Disney-produced McFarland, USA, directed by kiwi Niki Caro (Whale Rider, North Country), presents Kevin Costner in the real life role of Jim White, a down-on-his-luck high school football coach from middle-class suburbia who is forced to take a job as a cross country coach in the titular McFarland, California.
McFarland, a poor town smack dab in the middle of orange groves and lettuce fields, is populated almost exclusively by the migrant workers who provide the back-power necessary to turn all that produce into product. Indeed, it is McFarland itself that plays the most important role in the film. One gets the sense of what it's like to live in a small, hot, central California town where hope is in an even more constant drought than water.
And where hope is in short supply, there is plenty of fertile ground for an inspirational story.
McFarland does a serviceable job of harvesting that inspiration for the receptive audience. However, Chariots of Fire this isn't, and any overly critical audience member will note that there is little that achieves greatness in the movie. The direction is good, the cinematography decent, the writing not bad, and the acting above par. But the whole endeavor could have plumbed more depths had the filmmakers been more in tune with the fairly incredible true story from which the movie draws its life.

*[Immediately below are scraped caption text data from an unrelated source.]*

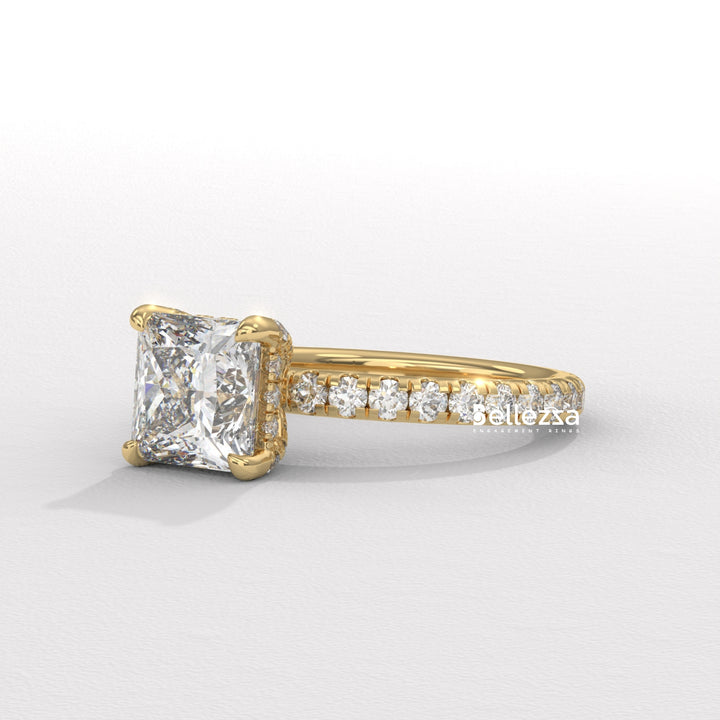 1.0-2.0CT Princess Cut CVD Diamond Pave Setting Engagement Ring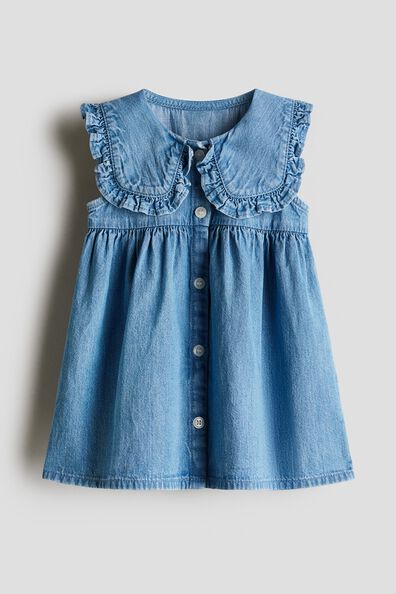 Sailor-collared denim dress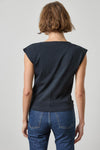 Drape Neck Wedge Top Womens Top Black A2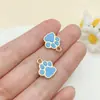 8 Tipos de Pingente de Patinha de Gato/Cachorro/Urso com Gotejamento de Óleo 15*12mm para Tag de Pet DIY Acessórios de Joias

At its heart, McFarland, USA is a fish-out-of-water tale: Jim White dropped into the heartland of California's Mexican-American culture. When White is fired from his head football coach job at a prestigious high school somewhere more stereotypical of a Disney sports film, he has to move his family across the country into a small, adobe-style home in McFarland. The character arc of the White family is pretty predictable Disney family/sport movie fare. At first stunned by the armpit of a town they have moved into, when they see their neighborhood filled with stucco-sided homes sporting sun-baked dirt “lawns,” they feel they might as well be on another planet.
But McFarland is a place where the dreariness of a produce-picker's life is mitigated by the tight-knit community glued together by the Mexican-American culture that is the town's hallmark. Over the course of the film, the Whites, and Jim in particular, learn to love their new world and appreciate the culture once so foreign to them.

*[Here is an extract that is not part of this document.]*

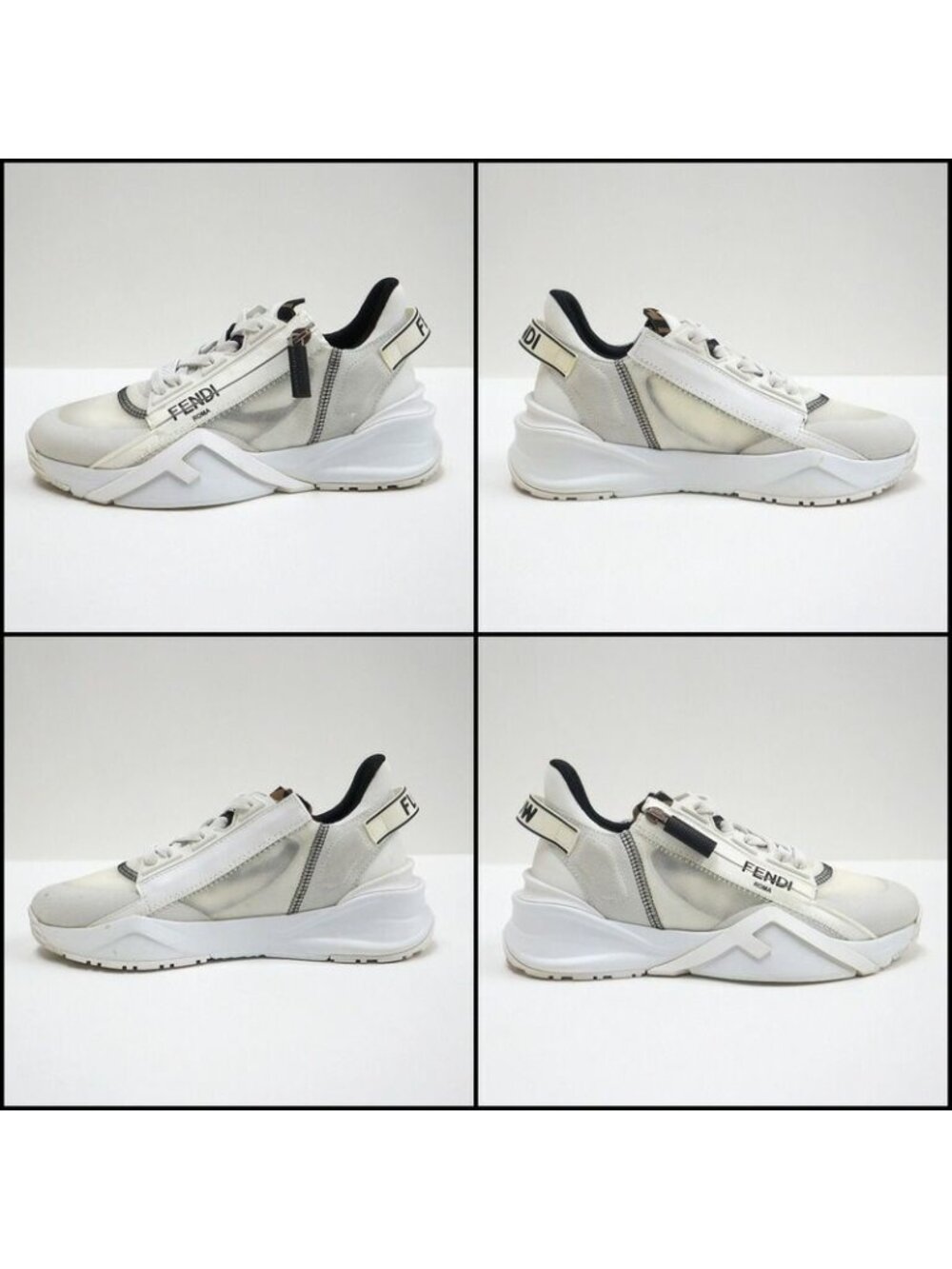 Fendi Flow Cut Sneakers Synthetic Fiber Leather White Black 36 X - Picture 6 of 10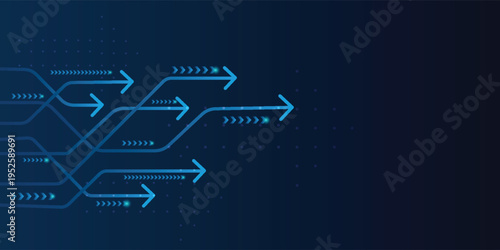 Abstract arrow direction. Technology background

The main channel through which White becomes connected with the community is the cross-country running team he puts together for McFarland High School. The members, a rag-tag bunch of Mexican-American field pickers, at first dismiss White as just another “gringo." Like any good sports film, however, the students must learn as much from their coach as their coach learns from them. Costner and the actors that portray the team's seven runners manage to fabricate a believable and endearing chemistry. Though never much of a versatile actor, Costner seems perfectly at home in the role of wise father-figure and coach. Though it's no Oscar performance, I was pleasantly surprised.
The film also explores internal family friction — both in White's family and those of his students — over the amount of time devoted to running practice. Necessarily, these extra hours take away from the time the students can work for their families, and also from the interaction of White with his wife and daughters. This constant threat to the running program and to the relationship between the Whites and their new community is what provides the meat of the film's conflict.
Unfortunately, McFarland USA never reaches the full emotional potential of the true story it portrays, no doubt due to a combination of deficiencies in the writing, directing, and editing. The lack of proper pacing and buildup, with far-too-quickly resolved conflicts, dilutes what should have been high-stakes moments. With no poignant lows and powerful highs, some of the film's emotional impact is dulled.
Luckily, the pacing issues aren't too much for the film to overcome. McFarland, USA manages to stir the spirit just enough to keep itself from drowning in mediocrity. Though not perfect, it remains a worthy effort for a night out with the whole family. In the days of Fifty Shades of Smut and The Latest Christian Film that Has a Good Message Wrapped Up in Bad Writing and Acting, that's as refreshing as a freshly picked tangerine after a three-mile run.
McFarland USA opened in theaters February 20 and has pulled in a respectable $24 million to date (considering the genre and the $25-million production budget). It is rated PG.